Hi, are there some functions like

Enum.find_first(enumerable, x -> boolen())
# or
Enum.fliter_first(enumerable, func)
Enum.remove_first(enumerable, func)

I don’t want to traverse a whole list, but some implements like below are not so efficent.

def filter_first([], _func), do: {nil, []}
def filter_first([h | t], func) do
  case func.(h) do
    true -> {h, t}
    false ->
      {first, left} = filter_first(t, func)
      {first, [h | left]}
  end
end

are there some efficient ways to make it?

kokolegorille · July 24, 2022, 1:47pm

Hello and welcome,

You could use Enum.find, as it returns the first match…

hst337 · July 24, 2022, 2:22pm

The most efficient and simple solution is to use pathex

To define first element in an enumerable which satisfies the condition (for which func returns true), you can write something like

import Pathex; import Pathex.Lenses
path_to_first = some() ~> filtering(func)

And you can use this path to delete, set, update, etc. using Pathex verbs like

Pathex.delete(enumerable, path_to_first)
Pathex.set(enumerable, path_to_first, new_value)
Pathex.over(enumerable, path_to_first, fn old_value -> old_value + 2 end)

al2o3cr · July 24, 2022, 5:40pm

Can you describe what you’re concerned about with regards to efficiency with that code?
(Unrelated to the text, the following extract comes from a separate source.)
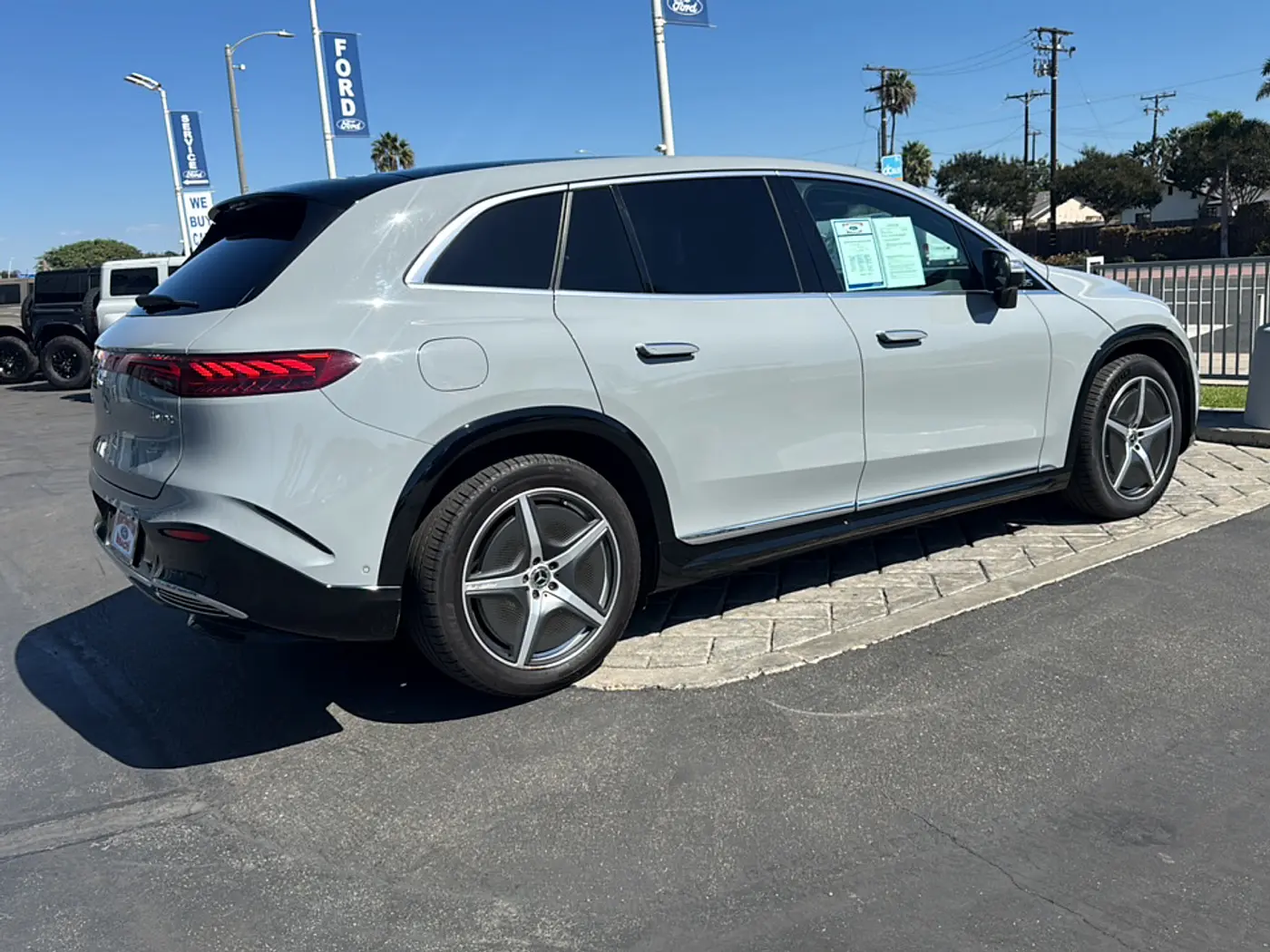 2023 Mercedes-Benz Eqs-class Suv
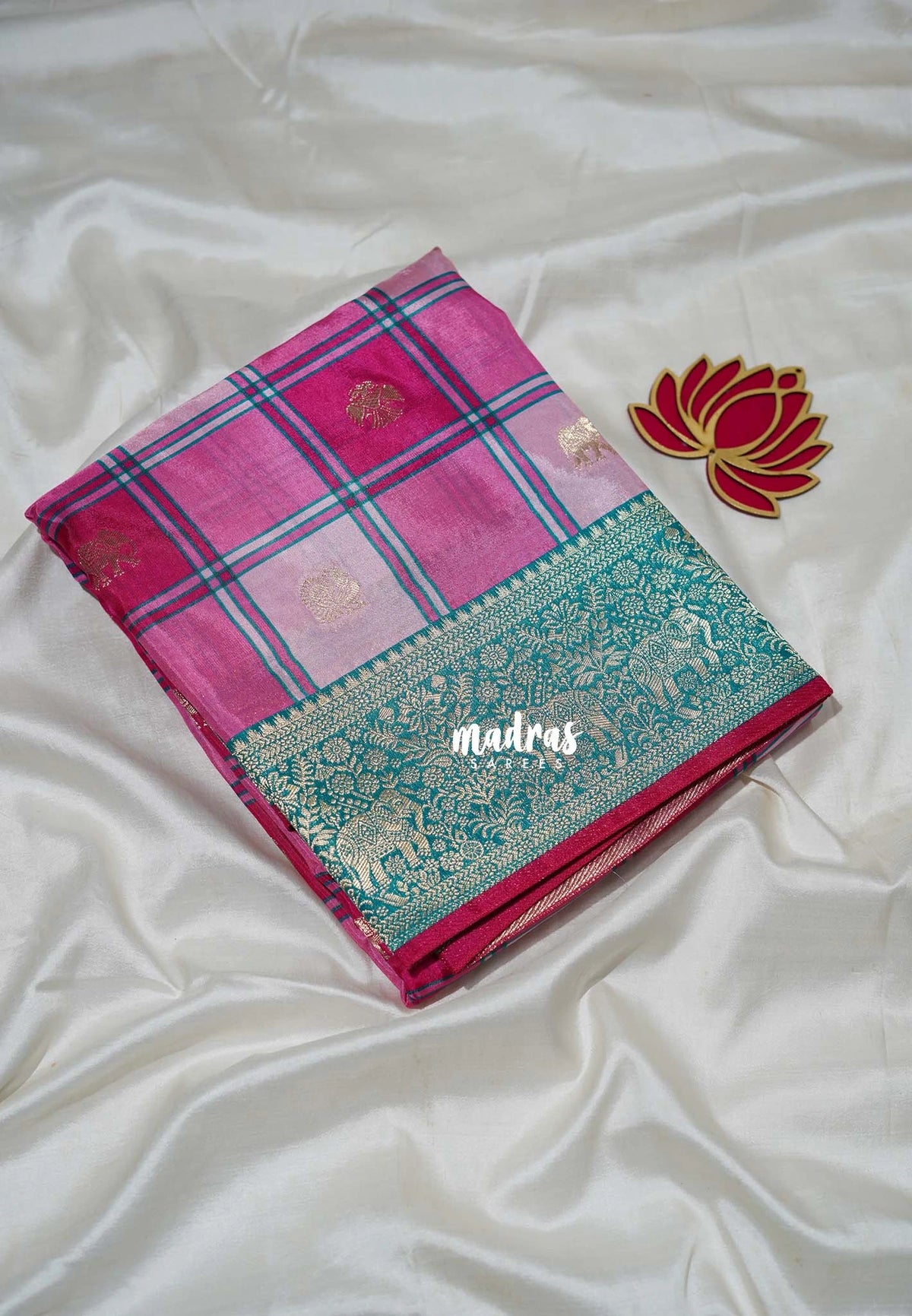 Queen's Pink - Swara – Grandeur Pure Viscose Silk Saree Madras Checks & Gandaberunda Buttas with Yaanai Border Contrast Pallu and Blouse - Best for Diwali Festive | Wedding Functions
One minor issue I see is that filter_first with a predicate that returns false for every element in the list will create a new list despite not actually removing anything. You could avoid that by distinguishing “nil was found in the list” from “nothing was found in the list”:

  def filter_first(list, func) do
    case do_filter_first(list, func) do
      {first, rest} ->
        {first, rest}

      :not_found ->
        {nil, list}
    end
  end

  def do_filter_first([], _func), do: :not_found
  def do_filter_first([h | t], func) do
    if func.(h) do
      {h, t}
    else
      case do_filter_first(t, func) do
        {first, rest} ->
          {first, [h | rest]}

        :not_found ->
          :not_found
      end
    end
  end

(if you squint just a little, you can see a Maybe monad happening here)

HOWEVER

If you have code that’s regularly removing elements from the middle of very long lists - the sort of lists where this optimization might be useful - consider picking a better data structure to support that operation.

hst337 · July 24, 2022, 5:44pm

There are two problems with original code.
First, it works only with lists.
Second, it is recursive, but it’s not tail recursion (or [item | recursive(tail)] kind of recursion). So it’ll perform some extra concatenations and will have all list items present on the stack

krstfk · July 24, 2022, 8:24pm

Pathex is a joy to work with, I put it in my deps by default. (Thank you)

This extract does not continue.